═══ Data for processing ═══
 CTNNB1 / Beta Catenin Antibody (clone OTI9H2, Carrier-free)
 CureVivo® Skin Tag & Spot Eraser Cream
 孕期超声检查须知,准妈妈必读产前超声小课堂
═══
═══ Data for processing ═══
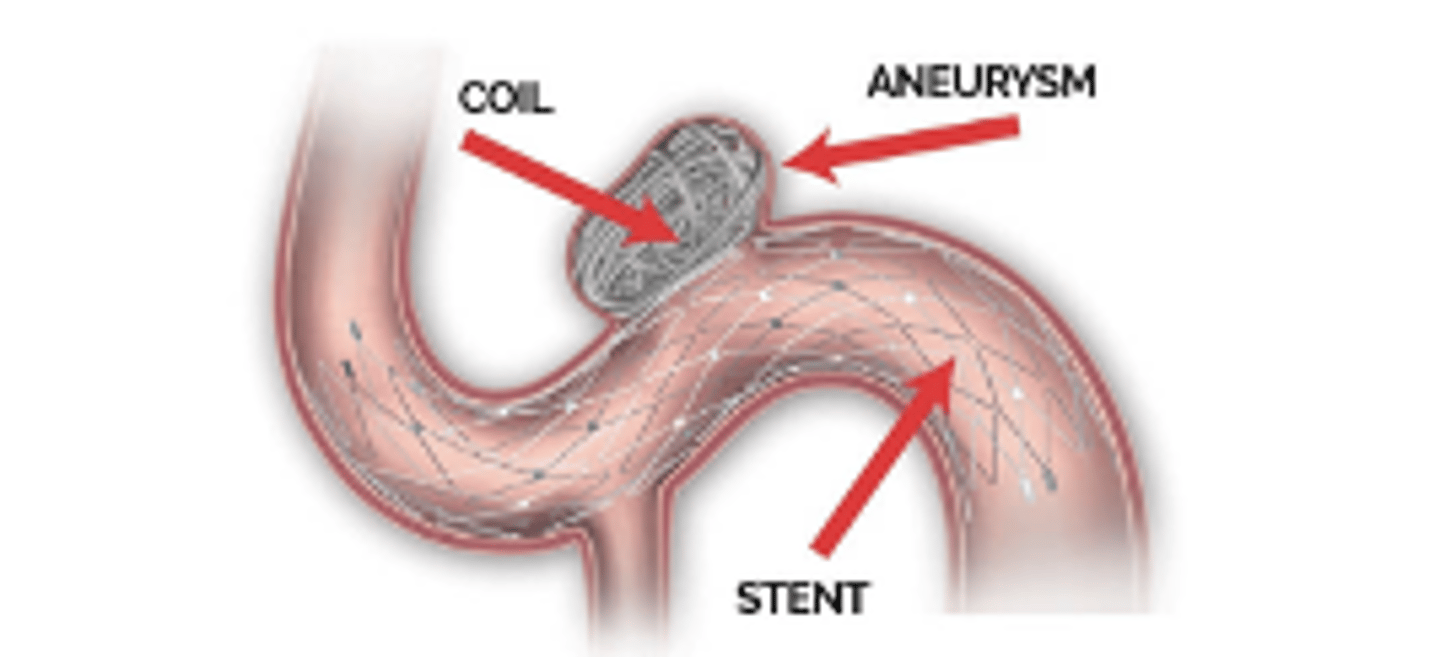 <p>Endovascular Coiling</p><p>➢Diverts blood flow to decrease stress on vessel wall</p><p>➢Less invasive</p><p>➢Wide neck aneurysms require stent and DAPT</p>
═══
═══ Data for processing ═══
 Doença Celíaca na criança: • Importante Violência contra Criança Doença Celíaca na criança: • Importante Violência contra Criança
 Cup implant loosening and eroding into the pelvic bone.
═══
### The problem
Using the listing above, copy exactly the line that contains "contra Criança Doença", the line that contains "Cup implant loosening", and each line that falls between them.

### Your response
 Doença Celíaca na criança: • Importante Violência contra Criança Doença Celíaca na criança: • Importante Violência contra Criança
 Cup implant loosening and eroding into the pelvic bone.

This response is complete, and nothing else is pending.